* Information shown:
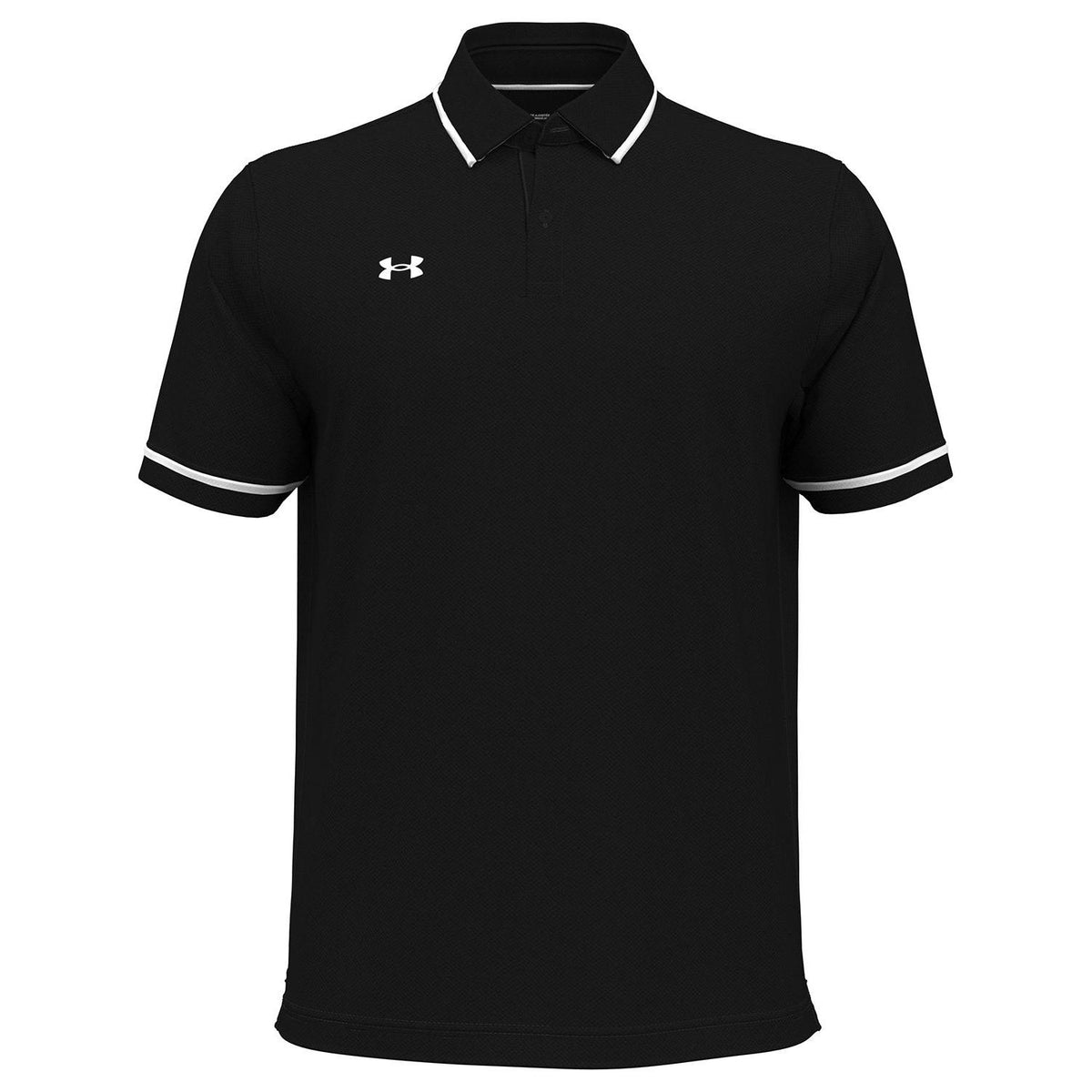 no-logo Under Armour Tipped Teams Performance Polo-Under Armour-Black/White-S-Thread Logic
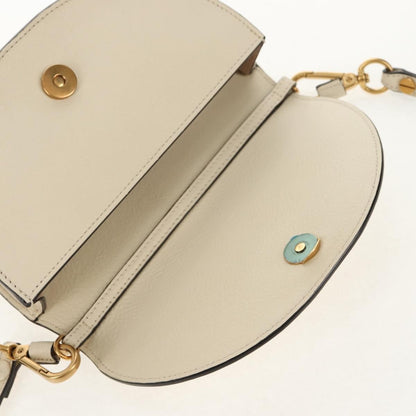 Chloe Nile Minaudière Leather, WHITE, LEATHER, Handbag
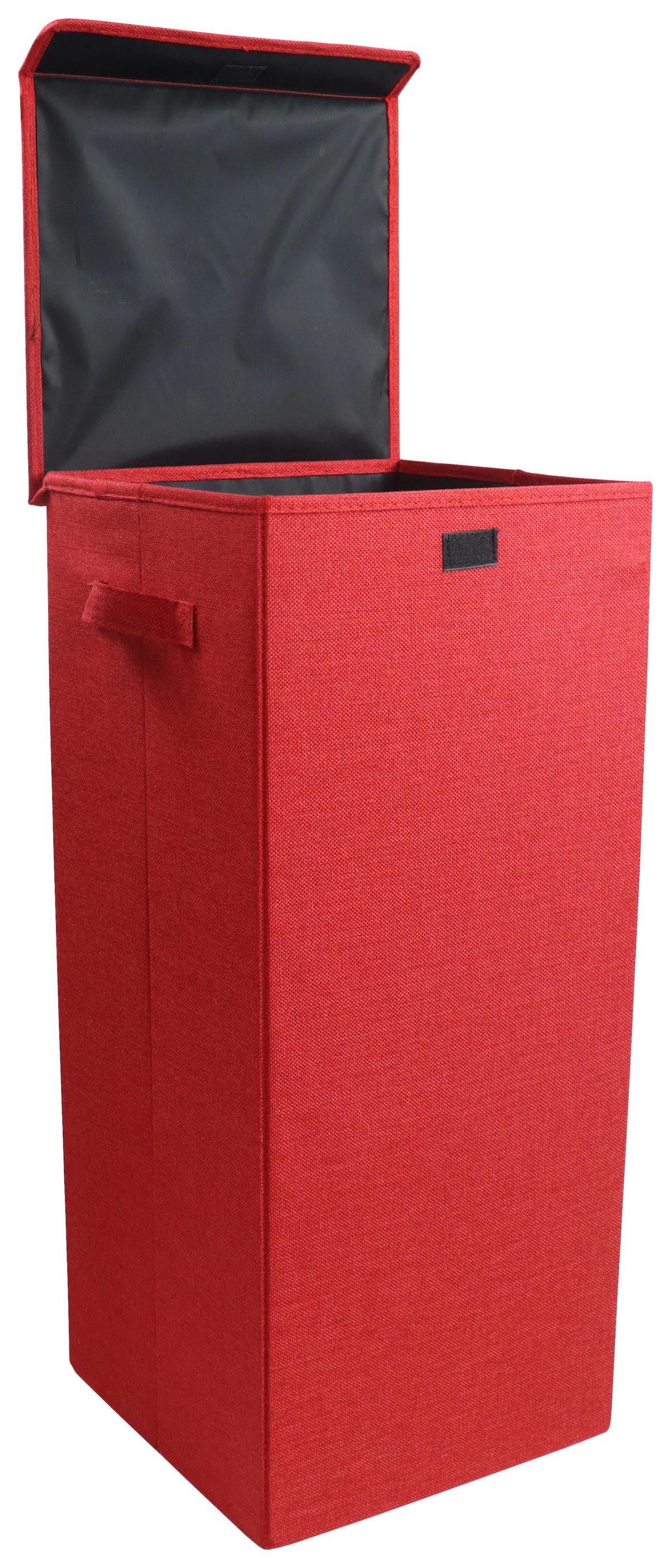 Wäschekorb Dreso Rot B: 30 cm - Rot, MODERN, Textil (30/70/30cm) - MID.YOU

* What is needed:
Retype, word for word, only the lines from the line with "Chloe Nile Minaudière" to the final line of the listing above; the pictures do not belong in the copy.

* Answer to the problem:
 Chloe Nile Minaudière Leather, WHITE, LEATHER, Handbag
 Wäschekorb Dreso Rot B: 30 cm - Rot, MODERN, Textil (30/70/30cm) - MID.YOU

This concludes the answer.